The championship-generating factory that is Alabama football reels in the best high school players on an annual basis, creating a talent gap that few can other programs can rival. In the four recruiting classes that combine to make up this year's roster, the Crimson Tide has welcomed 16 five-star and 69 four-star players, according to 247 Sports' composite ratings. Meanwhile Cincinnati has brought in zero five-star prospects and just five players with a four-star rating. Just look at the starting quarterbacks: Young was rated the No. 2 overall player in the 2020 class, and Ridder stood at No. 1,657 in his 2017 class.

Yet that's what makes the rise of Cincinnati a remarkable tale. These unheralded high-schoolers, who were perhaps overlooked but may have also developed rapidly through their college careers, have become some of the nation's best players bound for the NFL. So the Bearcats believed they belonged here.

But the Crimson Tide bullied Cincinnati from the outset. Alabama started the game with 10 straight rushes, including one quarterback scramble, before leaning on the arm of its Heisman winner. Young slung an 8-yard touchdown pass to Slade Bolden, a junior who had scored just two times this season. That opening drive drained more than five minutes off the clock and presented the Bearcats with a troubling reality: This Alabama team could pound through Cincinnati's defense at will.

The Bearcats tried to muster an answer, but after they marched down the field, the offense stalled. Ridder missed his receivers twice, and then on a third-and-goal play, Leonard Taylor caught a pass behind the line of scrimmage and took a 6-yard loss. Cincinnati had to kick a field goal - and Cole Smith made the 33-yarder - but trading 7 points for 3 isn't the winning formula against a team this talented.

The Cincinnati defense had an effective pass rush that limited Young, and the Bearcats didn't let the Crimson Tide storm away early. But the offense slumped and couldn't capitalize. After Cincinnati's first drive ended with a field goal, Alabama's defense forced three straight three-and-outs that totaled 12 yards.

The Bearcats held on to their 7-point deficit, but then Young delivered a pair of key plays just before halftime. He showed off his vision with a nifty pitch to Robinson that gained 23 yards, and a few plays later, Young connected with Ja'Corey Brooks for a 44-yard score. Cincinnati, starting to slip into desperation mode, attempted a Hail Mary as time expired, but Alabama's star linebacker, Will Anderson Jr., sacked Ridder to scuttle the Bearcats' hopes of trimming the 17-3 margin. Even with Cincinnati receiving the ball after the break, Alabama's advantage already seemed secure.

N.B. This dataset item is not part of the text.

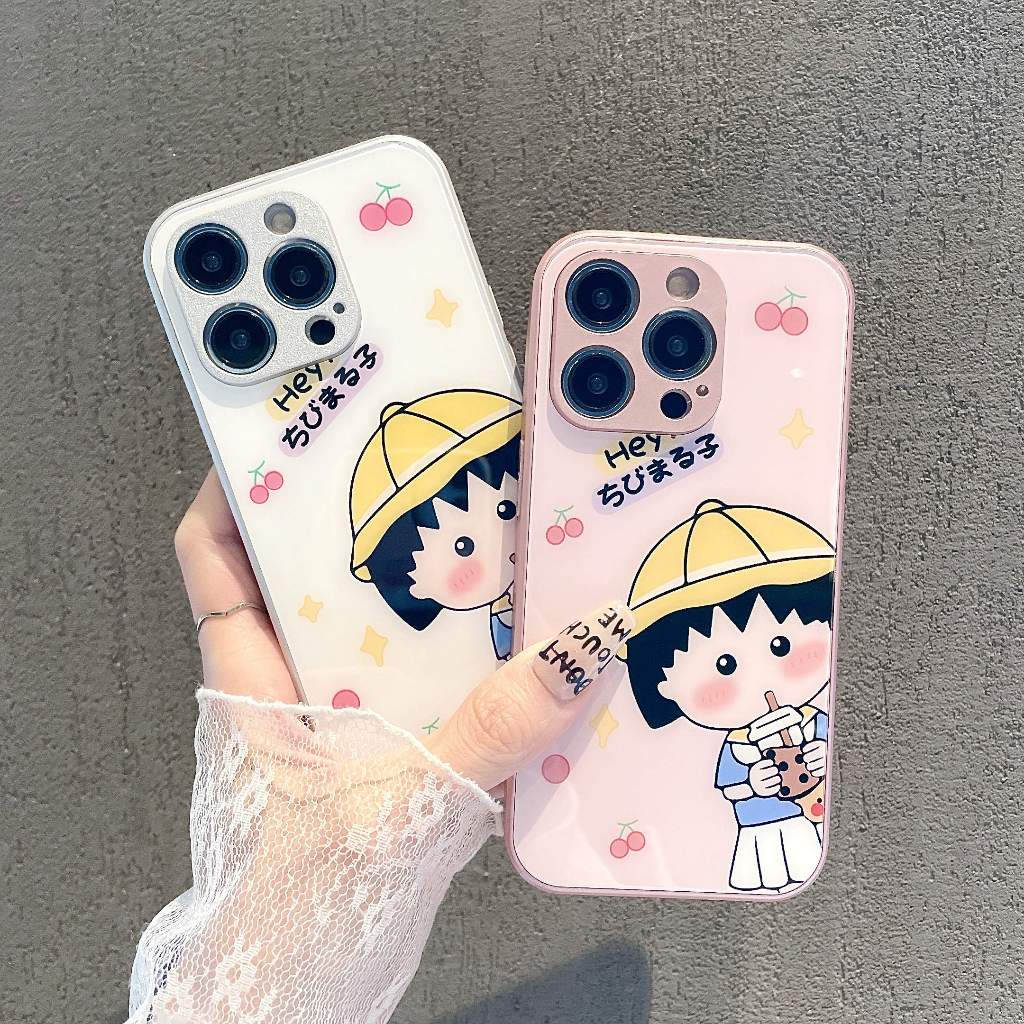 เคสโทรศัพท์มือถือกระจกนิรภัย ลายการ์ตูนชิบิ มารุโกะจังน่ารัก สําหรับ เคส Samsung Galaxy A12 A13 A14 A21S A10S A73 A72 A71 A70 A54 A53 A52S A51 A50S A30S A42 A34 A33 A32 A31 A23 A22 A24 A22 5g case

The defending national champions had blemishes this season that made them seem vulnerable - at least more so than usual. The Crimson Tide still entered this playoff as the top seed, even though this group of players didn't steamroll SEC opposition the way Alabama typically does. There was that loss at Texas A&M - one that players now say could have been the turning point of their season - and then there were narrow escapes against Auburn in a game that required four overtimes and against Florida, a team that went on to fire its coach.

Yet now, the Crimson Tide is back to the place where it often finishes the season - in a national championship game.